**WHAT IS NEEDED:**
When you reach the line in the listing below that contains "バス・シャワールーム　S-RESIDENCE福島diverse", begin returning lines exactly as written, and stop after the line that contains "Kim Bài Trạm". Return no other lines.

**EXCERPTED DATA:**
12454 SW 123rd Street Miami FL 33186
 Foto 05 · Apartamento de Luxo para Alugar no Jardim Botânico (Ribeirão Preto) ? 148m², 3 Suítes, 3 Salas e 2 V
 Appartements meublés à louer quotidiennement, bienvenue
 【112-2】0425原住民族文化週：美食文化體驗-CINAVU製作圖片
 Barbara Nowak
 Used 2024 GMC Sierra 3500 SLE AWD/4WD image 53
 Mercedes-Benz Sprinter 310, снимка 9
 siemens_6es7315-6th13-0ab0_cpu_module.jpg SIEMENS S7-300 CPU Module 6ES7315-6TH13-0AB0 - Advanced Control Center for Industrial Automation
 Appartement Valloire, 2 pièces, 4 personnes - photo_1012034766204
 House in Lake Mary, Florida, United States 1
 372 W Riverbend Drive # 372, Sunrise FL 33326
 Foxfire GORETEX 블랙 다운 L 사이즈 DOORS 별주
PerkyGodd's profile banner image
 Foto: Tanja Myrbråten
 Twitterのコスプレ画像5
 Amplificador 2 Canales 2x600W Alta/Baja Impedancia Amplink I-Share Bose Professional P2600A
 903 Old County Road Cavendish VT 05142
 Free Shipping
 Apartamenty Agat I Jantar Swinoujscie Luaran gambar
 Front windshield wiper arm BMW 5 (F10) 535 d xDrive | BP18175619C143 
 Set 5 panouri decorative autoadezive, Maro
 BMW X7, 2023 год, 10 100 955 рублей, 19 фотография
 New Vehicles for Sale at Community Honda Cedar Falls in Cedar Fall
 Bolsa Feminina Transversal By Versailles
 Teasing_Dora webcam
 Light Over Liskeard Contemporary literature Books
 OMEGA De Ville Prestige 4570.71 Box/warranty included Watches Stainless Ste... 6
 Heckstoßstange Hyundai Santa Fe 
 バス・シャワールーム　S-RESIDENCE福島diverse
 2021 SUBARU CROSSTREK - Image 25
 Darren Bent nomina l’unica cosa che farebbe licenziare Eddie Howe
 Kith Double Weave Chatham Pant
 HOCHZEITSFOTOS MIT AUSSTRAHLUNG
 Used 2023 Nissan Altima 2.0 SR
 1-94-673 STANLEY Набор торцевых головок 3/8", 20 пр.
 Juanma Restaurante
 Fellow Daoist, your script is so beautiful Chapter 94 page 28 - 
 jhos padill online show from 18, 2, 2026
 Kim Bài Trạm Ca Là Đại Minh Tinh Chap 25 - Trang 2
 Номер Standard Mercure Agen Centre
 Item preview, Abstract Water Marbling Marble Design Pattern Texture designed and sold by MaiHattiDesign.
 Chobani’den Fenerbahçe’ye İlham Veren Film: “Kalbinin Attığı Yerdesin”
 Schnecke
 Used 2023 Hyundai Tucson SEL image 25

**SOLUTION TO THIS EXERCISE:**
 バス・シャワールーム　S-RESIDENCE福島diverse
 2021 SUBARU CROSSTREK - Image 25
 Darren Bent nomina l’unica cosa che farebbe licenziare Eddie Howe
 Kith Double Weave Chatham Pant
 HOCHZEITSFOTOS MIT AUSSTRAHLUNG
 Used 2023 Nissan Altima 2.0 SR
 1-94-673 STANLEY Набор торцевых головок 3/8", 20 пр.
 Juanma Restaurante
 Fellow Daoist, your script is so beautiful Chapter 94 page 28 - 
 jhos padill online show from 18, 2, 2026
 Kim Bài Trạm Ca Là Đại Minh Tinh Chap 25 - Trang 2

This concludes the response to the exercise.